Public trust in political institutions diminishes when the judiciary appears to shield those in power, adopting interpretations that are at odds with prevailing ethical standards. Whether considering the recent allegations against Senator Robert Menendez (D-NJ) or the dubious actions of Justice Clarence Thomas, a common thread emerges: a Supreme Court that has narrowed its interpretation of corruption to the point of absurdity.


Senator Bob Menendez escaped his previous federal prosecution over alleged corruption. Many view his "victory," however, as nothing more than a testament to the Supreme Court's disappearing definition of political graft. His trials ended in hung juries, with jurors apparently unpersuaded that the favors exchanged between Menendez and a prominent ophthalmologist amounted to bribery under existing law.


Although he has not been accused of criminal bribery, recent revelations about Justice Clarence Thomas point to a parallel failure of consequences.

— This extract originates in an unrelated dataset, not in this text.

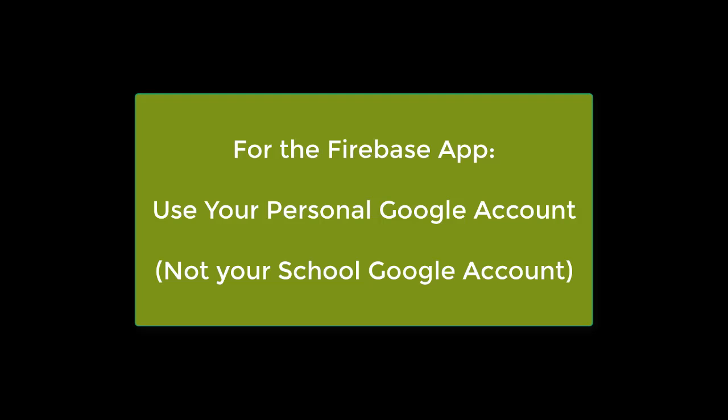Unlike most of the other projects in this course, we recommend you use your personal Google account and not your school account for this project. The reason for this is that some school accounts do not allow the use of Firebase, others restrict the email into those accounts.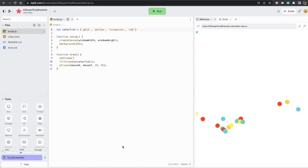Hello students, welcome to yet another session about p5.js. Today let's see how we can make grids in our canvas and draw shapes inside these grids, and eventually try and make some patterns with these grids.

Thomas accepted extravagant vacations, property deals, and educational expenses from Republican mega-donor Harlan Crow, who is affiliated with conservative entities that want certain outcomes from the Supreme Court.


What's unsettling is that, given the current legal landscape, convicting Menendez may again prove elusive, while meaningful consequences for Thomas seem remotely unlikely. How did we get here?


At the core of the issue rests a series of Supreme Court decisions that have effectively redefined corruption. Among them is the Citizens United v. Federal Election Commission decision from 2010. This case saw the majority of justices dismissing concerns over unbridled corporate spending in political campaigns. The court maintained that only direct quid pro quo – an exchange of goods or favors for direct political action – qualified as corruption. This notably ignored all the forms of direct and indirect influence that fall short of an explicit exchange


The court suggests that influence peddling, a long tradition in Washington, is perfectly acceptable. If government officials and those who want their favor are subtle enough, they need not fear prosecution. After all, this is consistent with Thomas’s behavior and his understanding of ethics — Quid with only the “appearance” of pro quo is just business as usual at the high court.


It wasn’t always this way. Earlier interpretations saw corruption as a spectrum, recognizing the complexities of political interactions. This perspective recognized the dangers of unchecked influence, especially from corporate entities with deep pockets.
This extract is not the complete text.